- _RECORDS SHOWN_:
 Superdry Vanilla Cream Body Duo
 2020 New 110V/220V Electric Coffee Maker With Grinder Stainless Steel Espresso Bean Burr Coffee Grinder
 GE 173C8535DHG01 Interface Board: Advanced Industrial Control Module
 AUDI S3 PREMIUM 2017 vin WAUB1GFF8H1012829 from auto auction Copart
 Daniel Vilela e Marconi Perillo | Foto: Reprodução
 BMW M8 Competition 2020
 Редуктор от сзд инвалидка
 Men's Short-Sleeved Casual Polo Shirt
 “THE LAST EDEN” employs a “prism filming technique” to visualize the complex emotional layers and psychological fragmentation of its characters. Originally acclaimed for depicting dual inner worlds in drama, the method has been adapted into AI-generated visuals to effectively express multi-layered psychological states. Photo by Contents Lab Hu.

- _ASSIGNED TASK_: Restate word for word the lines running from the line that holds "Men's Short-Sleeved Casual Polo Shirt" to the final line of the entries.

- _EXERCISE ANSWER_:
 Men's Short-Sleeved Casual Polo Shirt
 “THE LAST EDEN” employs a “prism filming technique” to visualize the complex emotional layers and psychological fragmentation of its characters. Originally acclaimed for depicting dual inner worlds in drama, the method has been adapted into AI-generated visuals to effectively express multi-layered psychological states. Photo by Contents Lab Hu.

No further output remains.